**** Record extracts

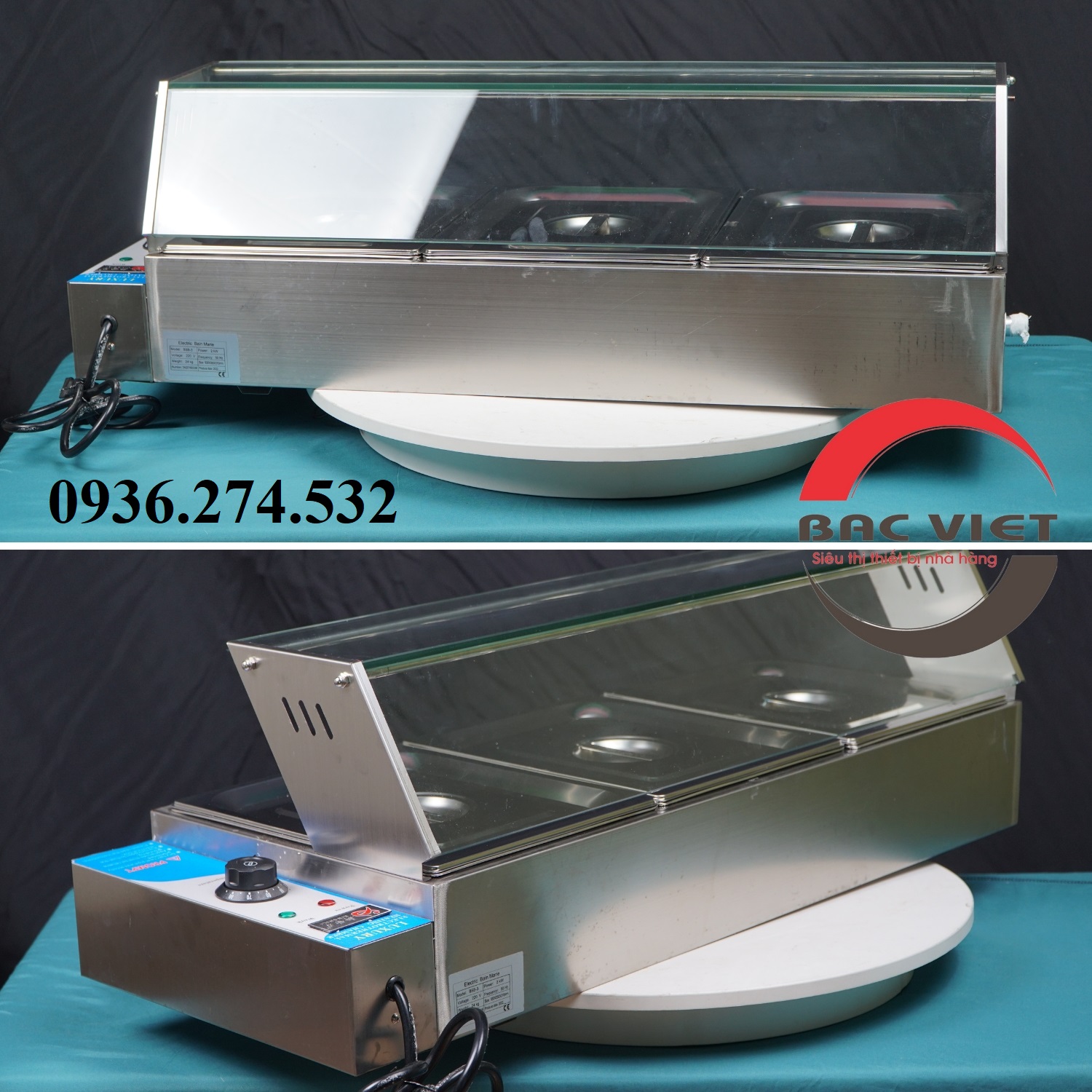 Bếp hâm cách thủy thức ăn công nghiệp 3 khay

********
**** Record extracts

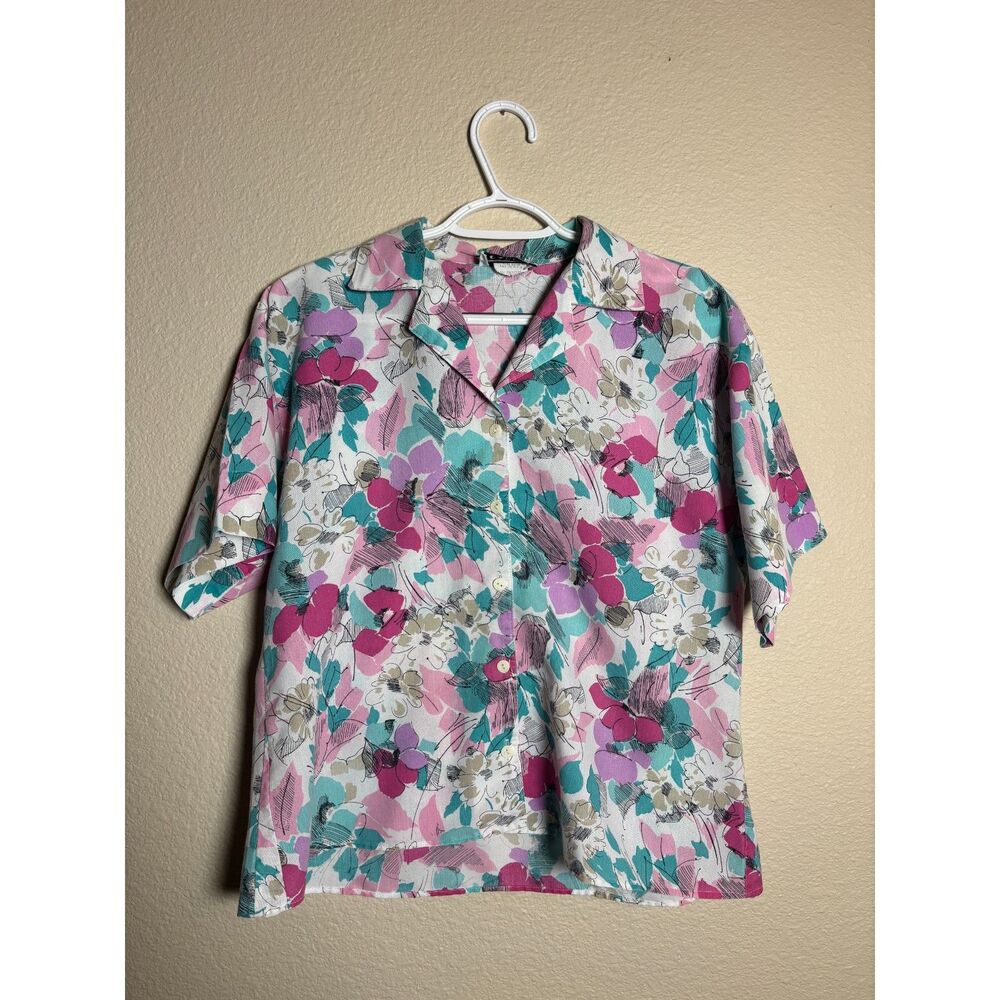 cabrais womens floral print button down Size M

********
**** Record extracts

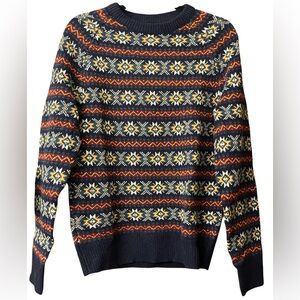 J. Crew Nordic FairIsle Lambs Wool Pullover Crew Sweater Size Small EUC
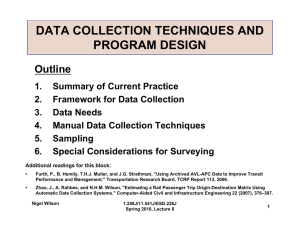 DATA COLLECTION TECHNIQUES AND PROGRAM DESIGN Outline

********

**Problem to work on**
Please copy the lines above exactly, starting at the line that holds "J. Crew Nordic" and ending at the line that holds "DATA COLLECTION TECHNIQUES"; include both, but no pictures.

**Output**
 J. Crew Nordic FairIsle Lambs Wool Pullover Crew Sweater Size Small EUC
 DATA COLLECTION TECHNIQUES AND PROGRAM DESIGN Outline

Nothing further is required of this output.